> [Task details] Lines from the entries below that hold "Picture" form the answer; copy all of them.

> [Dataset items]

_ _ _

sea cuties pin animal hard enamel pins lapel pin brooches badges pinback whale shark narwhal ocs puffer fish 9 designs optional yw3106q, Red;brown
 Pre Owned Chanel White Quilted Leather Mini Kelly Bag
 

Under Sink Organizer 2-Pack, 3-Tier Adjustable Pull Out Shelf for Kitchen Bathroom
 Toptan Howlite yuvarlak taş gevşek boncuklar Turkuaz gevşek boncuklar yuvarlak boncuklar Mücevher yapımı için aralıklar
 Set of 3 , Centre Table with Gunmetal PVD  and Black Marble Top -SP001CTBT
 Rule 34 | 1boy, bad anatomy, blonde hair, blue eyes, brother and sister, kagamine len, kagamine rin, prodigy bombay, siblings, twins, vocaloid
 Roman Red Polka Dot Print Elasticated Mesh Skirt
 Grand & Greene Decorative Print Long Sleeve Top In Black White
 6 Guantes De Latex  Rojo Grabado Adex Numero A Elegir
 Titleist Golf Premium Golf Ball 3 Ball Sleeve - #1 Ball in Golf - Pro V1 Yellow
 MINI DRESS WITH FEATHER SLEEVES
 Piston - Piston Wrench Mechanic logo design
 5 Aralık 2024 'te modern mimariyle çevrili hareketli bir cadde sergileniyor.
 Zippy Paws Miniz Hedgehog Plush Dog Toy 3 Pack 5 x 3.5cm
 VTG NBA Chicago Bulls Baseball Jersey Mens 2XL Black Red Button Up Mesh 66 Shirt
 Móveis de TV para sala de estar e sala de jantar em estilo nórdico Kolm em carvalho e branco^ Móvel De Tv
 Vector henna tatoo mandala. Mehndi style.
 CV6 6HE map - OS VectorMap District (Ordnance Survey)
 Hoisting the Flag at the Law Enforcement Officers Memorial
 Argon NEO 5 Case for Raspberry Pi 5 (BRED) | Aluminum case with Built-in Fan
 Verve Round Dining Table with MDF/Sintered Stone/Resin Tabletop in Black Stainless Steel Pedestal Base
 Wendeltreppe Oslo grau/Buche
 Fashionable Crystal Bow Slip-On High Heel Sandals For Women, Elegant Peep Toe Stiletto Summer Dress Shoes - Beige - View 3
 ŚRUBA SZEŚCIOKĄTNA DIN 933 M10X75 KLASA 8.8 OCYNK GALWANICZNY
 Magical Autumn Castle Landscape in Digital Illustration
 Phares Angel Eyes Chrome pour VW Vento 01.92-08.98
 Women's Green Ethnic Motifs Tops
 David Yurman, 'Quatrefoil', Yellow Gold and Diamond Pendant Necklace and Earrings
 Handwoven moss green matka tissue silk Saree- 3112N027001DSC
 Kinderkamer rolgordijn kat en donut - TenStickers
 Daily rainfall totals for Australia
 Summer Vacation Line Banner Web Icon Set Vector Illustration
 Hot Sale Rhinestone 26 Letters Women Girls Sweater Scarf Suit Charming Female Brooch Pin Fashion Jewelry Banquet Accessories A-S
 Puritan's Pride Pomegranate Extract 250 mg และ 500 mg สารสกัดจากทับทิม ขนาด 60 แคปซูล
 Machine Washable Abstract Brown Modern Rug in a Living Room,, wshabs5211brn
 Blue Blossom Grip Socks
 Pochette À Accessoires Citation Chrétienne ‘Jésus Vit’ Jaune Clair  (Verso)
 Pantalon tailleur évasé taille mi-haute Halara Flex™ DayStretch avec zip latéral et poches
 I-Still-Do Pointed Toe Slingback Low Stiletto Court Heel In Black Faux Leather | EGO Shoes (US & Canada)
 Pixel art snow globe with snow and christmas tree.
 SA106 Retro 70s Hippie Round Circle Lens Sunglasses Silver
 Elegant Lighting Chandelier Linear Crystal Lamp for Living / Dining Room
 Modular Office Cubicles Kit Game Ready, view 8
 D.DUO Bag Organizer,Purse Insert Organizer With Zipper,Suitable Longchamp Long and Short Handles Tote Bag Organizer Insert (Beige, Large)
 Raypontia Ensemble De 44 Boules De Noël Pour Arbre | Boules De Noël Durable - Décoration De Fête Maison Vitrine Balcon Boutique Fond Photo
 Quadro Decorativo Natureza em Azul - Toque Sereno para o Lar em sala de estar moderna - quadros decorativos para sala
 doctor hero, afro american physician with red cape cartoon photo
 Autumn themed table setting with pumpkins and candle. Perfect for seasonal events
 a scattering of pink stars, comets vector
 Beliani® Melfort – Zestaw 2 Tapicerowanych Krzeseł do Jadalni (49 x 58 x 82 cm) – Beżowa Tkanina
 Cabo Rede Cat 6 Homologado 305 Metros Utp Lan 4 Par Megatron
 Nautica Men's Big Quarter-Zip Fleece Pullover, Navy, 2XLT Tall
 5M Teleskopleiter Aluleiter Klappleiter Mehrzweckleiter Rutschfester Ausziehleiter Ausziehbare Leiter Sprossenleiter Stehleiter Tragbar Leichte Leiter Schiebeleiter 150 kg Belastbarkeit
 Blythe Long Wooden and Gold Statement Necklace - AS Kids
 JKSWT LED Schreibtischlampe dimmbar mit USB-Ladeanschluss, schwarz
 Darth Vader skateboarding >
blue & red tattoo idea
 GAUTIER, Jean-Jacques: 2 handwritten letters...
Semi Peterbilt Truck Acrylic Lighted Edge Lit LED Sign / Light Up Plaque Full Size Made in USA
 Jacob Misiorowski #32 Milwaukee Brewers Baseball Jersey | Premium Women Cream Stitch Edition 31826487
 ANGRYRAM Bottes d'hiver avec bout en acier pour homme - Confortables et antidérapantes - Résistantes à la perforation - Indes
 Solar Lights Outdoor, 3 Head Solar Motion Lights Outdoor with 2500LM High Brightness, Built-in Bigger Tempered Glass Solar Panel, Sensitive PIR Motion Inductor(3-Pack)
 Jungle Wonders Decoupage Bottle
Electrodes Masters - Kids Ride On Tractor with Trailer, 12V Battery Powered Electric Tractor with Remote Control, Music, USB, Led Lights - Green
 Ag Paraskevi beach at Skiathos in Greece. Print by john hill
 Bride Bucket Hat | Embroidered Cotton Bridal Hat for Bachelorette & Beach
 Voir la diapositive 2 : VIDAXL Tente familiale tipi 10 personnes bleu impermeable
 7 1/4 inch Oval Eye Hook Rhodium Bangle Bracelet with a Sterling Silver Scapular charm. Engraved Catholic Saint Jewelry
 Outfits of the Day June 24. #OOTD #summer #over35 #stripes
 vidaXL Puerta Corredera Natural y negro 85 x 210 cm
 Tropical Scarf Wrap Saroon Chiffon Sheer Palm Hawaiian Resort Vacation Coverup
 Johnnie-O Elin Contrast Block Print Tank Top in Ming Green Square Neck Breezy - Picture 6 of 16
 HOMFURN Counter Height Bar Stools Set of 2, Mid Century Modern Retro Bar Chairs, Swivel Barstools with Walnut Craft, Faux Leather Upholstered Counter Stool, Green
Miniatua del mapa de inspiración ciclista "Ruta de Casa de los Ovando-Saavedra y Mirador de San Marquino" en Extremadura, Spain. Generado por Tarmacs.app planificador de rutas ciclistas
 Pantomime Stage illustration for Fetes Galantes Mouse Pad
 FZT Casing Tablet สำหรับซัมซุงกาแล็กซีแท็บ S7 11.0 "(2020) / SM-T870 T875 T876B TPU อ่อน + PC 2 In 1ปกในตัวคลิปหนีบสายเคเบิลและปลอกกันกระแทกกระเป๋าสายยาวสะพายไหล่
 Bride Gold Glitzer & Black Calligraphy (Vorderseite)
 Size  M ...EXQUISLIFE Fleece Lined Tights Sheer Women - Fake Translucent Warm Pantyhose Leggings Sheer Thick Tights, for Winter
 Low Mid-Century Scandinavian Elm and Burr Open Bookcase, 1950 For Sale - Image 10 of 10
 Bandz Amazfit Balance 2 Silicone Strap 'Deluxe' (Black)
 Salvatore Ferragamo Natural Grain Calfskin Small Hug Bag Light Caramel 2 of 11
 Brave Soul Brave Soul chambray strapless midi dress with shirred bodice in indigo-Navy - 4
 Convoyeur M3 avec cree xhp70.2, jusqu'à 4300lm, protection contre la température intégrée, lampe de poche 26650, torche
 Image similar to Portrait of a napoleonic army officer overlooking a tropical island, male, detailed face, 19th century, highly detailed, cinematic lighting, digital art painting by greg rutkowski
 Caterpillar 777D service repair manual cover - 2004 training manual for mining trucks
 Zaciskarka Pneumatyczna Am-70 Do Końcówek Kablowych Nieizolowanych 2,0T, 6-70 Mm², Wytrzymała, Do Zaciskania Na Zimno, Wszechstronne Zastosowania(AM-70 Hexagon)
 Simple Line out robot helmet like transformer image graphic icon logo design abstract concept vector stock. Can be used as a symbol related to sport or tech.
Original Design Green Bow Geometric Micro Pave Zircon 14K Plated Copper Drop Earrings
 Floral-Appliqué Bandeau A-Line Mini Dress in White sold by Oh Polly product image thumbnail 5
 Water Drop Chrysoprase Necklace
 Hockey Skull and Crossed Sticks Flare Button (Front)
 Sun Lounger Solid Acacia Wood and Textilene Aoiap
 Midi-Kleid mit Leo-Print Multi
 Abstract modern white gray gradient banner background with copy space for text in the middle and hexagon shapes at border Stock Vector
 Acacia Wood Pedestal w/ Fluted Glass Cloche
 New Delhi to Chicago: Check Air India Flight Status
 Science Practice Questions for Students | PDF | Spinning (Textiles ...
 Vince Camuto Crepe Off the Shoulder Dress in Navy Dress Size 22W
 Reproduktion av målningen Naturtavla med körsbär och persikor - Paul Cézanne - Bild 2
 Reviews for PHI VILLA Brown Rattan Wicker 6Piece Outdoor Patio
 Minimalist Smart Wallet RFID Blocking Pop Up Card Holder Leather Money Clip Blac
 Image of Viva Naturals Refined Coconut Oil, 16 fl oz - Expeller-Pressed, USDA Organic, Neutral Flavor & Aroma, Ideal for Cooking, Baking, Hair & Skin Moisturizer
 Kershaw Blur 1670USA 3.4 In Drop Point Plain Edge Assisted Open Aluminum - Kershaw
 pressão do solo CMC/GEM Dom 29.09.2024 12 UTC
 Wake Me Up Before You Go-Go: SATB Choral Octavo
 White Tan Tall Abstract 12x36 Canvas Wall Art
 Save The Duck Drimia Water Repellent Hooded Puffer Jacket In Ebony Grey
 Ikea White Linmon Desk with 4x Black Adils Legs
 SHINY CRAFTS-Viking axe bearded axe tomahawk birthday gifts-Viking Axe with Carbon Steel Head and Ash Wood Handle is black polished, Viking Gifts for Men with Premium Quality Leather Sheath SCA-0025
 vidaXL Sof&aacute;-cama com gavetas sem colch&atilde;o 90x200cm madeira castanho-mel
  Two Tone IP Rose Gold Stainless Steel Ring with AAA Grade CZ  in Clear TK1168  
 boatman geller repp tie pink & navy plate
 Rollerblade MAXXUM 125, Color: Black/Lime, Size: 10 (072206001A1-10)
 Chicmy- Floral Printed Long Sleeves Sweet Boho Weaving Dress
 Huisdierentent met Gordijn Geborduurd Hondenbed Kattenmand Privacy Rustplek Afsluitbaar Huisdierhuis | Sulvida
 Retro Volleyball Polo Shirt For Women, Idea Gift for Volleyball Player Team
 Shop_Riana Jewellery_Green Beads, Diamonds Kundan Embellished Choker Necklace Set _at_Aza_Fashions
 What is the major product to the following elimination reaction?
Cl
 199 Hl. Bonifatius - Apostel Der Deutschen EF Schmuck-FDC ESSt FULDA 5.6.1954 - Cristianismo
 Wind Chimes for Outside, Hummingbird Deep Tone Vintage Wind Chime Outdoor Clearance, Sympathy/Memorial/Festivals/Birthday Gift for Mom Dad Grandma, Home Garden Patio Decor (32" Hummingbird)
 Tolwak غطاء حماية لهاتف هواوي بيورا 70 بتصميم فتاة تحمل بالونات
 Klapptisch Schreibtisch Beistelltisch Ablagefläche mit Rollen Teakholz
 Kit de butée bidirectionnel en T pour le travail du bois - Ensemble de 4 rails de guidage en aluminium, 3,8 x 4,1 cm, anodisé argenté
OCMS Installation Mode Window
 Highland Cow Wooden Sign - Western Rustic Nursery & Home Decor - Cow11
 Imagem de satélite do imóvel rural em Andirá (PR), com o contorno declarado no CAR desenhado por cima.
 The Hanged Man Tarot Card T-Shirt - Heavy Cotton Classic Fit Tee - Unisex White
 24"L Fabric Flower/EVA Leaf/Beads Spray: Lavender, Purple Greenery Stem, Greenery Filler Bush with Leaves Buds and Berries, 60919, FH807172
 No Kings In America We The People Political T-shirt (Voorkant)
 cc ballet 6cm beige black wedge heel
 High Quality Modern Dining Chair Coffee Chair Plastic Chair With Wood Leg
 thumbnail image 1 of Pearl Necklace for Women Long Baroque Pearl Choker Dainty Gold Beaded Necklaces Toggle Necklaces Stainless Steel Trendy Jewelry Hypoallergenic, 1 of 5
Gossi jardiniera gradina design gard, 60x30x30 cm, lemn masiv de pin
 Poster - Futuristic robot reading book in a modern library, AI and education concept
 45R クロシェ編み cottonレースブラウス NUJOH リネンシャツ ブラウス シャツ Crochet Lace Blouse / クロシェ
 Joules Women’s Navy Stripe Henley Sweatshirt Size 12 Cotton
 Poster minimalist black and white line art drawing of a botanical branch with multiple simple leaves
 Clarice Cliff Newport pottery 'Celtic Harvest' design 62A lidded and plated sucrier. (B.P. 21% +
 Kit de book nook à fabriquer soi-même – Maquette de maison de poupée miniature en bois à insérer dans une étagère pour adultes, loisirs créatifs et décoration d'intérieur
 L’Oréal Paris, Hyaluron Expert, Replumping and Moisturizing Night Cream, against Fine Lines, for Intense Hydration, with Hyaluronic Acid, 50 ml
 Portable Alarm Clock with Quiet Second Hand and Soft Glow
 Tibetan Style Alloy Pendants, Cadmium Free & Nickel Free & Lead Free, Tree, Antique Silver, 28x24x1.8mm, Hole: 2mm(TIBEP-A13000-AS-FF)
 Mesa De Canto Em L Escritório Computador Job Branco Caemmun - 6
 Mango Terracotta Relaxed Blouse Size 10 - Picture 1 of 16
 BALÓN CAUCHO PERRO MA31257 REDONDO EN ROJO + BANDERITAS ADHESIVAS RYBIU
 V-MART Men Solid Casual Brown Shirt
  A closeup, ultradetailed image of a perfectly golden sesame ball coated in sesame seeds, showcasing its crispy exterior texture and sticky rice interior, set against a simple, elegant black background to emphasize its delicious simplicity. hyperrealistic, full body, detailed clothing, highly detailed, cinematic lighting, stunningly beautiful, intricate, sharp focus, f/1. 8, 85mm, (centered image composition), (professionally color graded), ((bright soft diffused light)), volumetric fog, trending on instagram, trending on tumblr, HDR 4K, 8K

_ _ _

> [Answer section]
 Johnnie-O Elin Contrast Block Print Tank Top in Ming Green Square Neck Breezy - Picture 6 of 16
 Mango Terracotta Relaxed Blouse Size 10 - Picture 1 of 16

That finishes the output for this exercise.